Muttahida Majlis-i-Amal (MMA) lawmaker Abdul Rasheed has lashed out at the Aurat March which was held across Pakistani cities on March 8, saying he would complain to police to have a case registered against the organisers of the event which he alleged disrespected women and was in violation of Islamic principles.
Addressing a session of the Sindh Assembly on Tuesday, the MPA mainly targeted the Aurat (Women's) March which took place at the Frere Hall in Karachi.
He requested the Sindh government's support in registering a first information report (FIR) against the march's organisers, saying he hoped the provincial government would cooperate with him "on the basis of the ideology and laws of Pakistan".
Women in large numbers, as well as men, had participated in last week's Aurat March held across the country to mark International Women’s Day. The first such march took place in Karachi in 2018; this year, the rally was extended to more cities including Lahore, Multan, Faisalabad, Larkana and Hyderabad.
Rasheed claimed that while everyone in the Sindh Assembly knew about and understood the "sanctity of women" as well the roles assigned to them by nature and Islam, in Pakistan women were continually being disrespected.
He said the March 8 event mocked women.
"The placards held by women at the march carried such shameful slogans that a man would be embarrassed just by reading them," the MMA lawmaker claimed.
He noted that one such slogan was 'my body, my choice' and went on to say that a person, in fact, doesn't have authority over any part of their body.
"A person doesn't choose to whiten their hair or take the breaths of life," he said, adding that everyone was the property of God who has attached certain boundaries with every life.
He then turned his guns towards the ruling Pakistan Tehreek-i-Insaf (PTI). He said although the party had come into power by chanting slogans of creating a welfare state like Madinah, an incident that took place on New Year's Eve last year did not reflect that promise.
"For the first time in Pakistan's history, shameful acts were committed at Karachi's Seaview on December 31 and people had undressed and wrapped their bodies with the flags of the federal government," he claimed. Dawn.com could not independently verify if such an incident took place.
Rasheed said if the family system of Muslims did not last, no one's politics or culture would last in the country. "None of us are ready to enjoy the idea of our mothers and daughters coming out on the streets," he added.

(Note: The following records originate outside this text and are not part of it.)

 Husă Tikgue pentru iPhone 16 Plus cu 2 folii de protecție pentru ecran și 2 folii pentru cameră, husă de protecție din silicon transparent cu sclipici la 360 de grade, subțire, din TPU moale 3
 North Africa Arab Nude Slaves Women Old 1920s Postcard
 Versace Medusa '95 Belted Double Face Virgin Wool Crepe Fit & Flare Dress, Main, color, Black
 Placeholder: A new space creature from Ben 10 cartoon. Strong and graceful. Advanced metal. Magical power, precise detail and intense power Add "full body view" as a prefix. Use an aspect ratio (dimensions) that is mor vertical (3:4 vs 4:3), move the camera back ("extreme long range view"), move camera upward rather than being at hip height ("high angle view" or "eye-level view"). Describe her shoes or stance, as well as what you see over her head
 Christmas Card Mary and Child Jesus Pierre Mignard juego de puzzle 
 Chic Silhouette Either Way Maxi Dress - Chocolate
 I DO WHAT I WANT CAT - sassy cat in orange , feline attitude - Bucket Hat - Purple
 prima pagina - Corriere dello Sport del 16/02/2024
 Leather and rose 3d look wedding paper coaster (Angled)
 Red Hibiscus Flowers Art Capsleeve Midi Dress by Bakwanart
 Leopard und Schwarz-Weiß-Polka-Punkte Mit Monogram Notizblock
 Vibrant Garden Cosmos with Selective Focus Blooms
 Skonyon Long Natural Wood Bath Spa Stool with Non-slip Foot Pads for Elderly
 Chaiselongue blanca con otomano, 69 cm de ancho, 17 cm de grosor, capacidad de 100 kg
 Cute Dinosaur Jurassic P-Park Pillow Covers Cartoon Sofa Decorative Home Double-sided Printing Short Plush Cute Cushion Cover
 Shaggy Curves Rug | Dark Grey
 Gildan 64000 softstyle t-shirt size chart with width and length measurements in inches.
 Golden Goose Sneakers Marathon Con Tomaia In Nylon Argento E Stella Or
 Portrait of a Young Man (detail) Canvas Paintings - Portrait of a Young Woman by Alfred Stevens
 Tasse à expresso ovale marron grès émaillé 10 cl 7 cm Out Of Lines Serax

Returning to his tirade against the Aurat March, he said if such events were ignored, they would continue and "things will go beyond boundaries".
Addressing the house and the Sindh chief minister, he said there was no space for such things in the narrative of Pakistan.
"So who gives permission for such activities in the city," he asked. "Why isn't action taken? Why aren't FIRs registered against them?"
Assembly speaker Agha Siraj Durrani interjected and said he didn't think it was the government that gave permission but the minister in-charge was in the assembly who would find out and check the matter.
Rasheed said a woman maintains relations as a mother, a daughter, a sister and then as a wife through Islamic instructions.
"This is our family system," he said, adding that while the progress, education, health and needs of women should be talked about, they should not be "brought out into the streets to be disgraced".